* [The problem] What you give back from the listing below should be an exact copy of the lines from the one with "Middle Eastern design" down to the one with "white hummer ev", and it should contain no pictures.

* [Data provided]
Segment Open

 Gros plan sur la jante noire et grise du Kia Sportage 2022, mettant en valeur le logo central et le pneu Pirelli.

Segment Closed
Segment Open

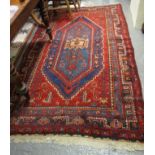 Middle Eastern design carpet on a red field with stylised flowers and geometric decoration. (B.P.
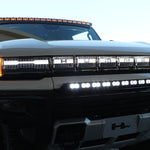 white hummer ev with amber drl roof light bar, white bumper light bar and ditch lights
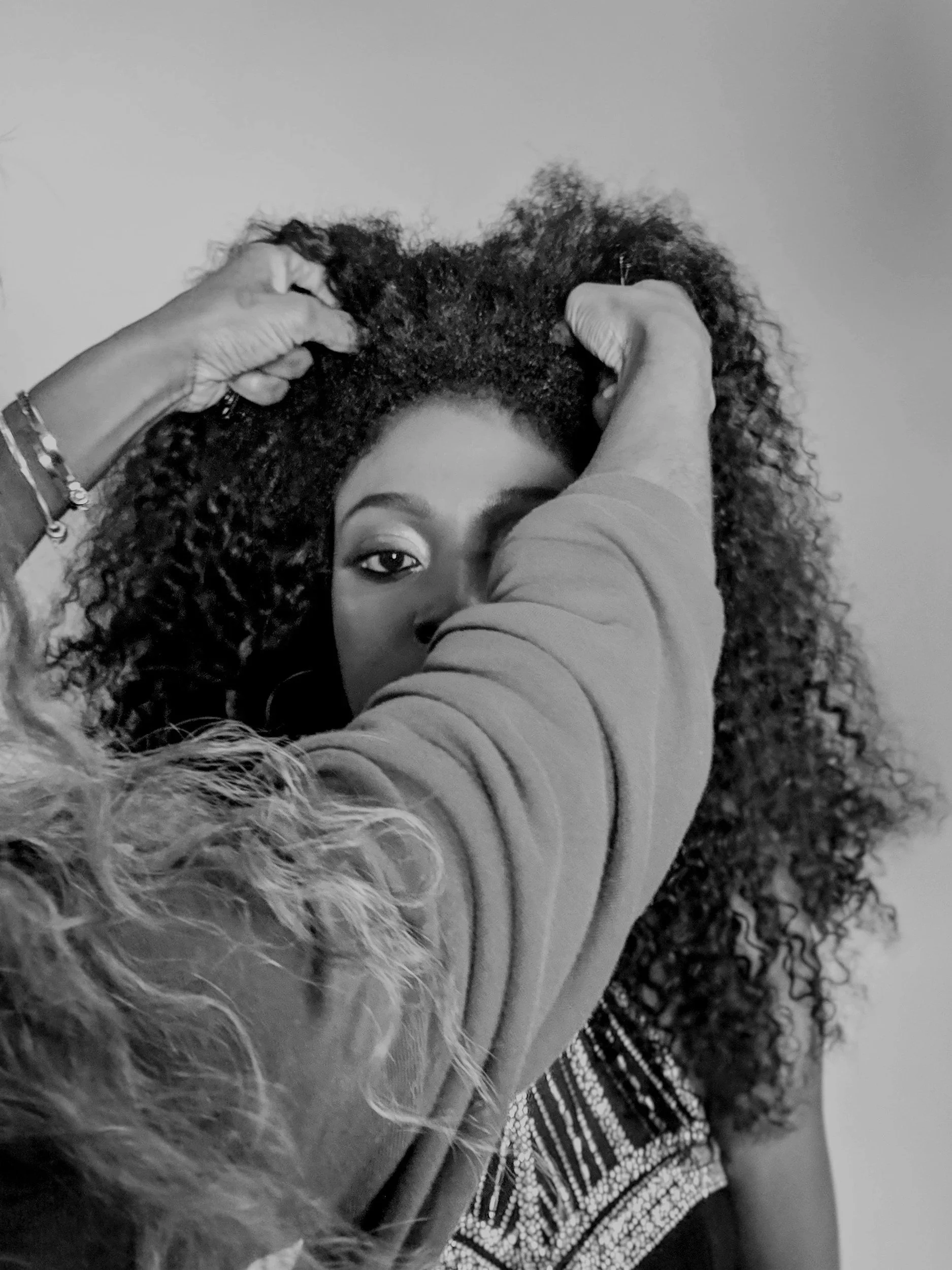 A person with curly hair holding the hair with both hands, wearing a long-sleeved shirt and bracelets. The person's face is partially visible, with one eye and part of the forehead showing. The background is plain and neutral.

Segment Closed

* [Finished exercise]
 Middle Eastern design carpet on a red field with stylised flowers and geometric decoration. (B.P.
 white hummer ev with amber drl roof light bar, white bumper light bar and ditch lights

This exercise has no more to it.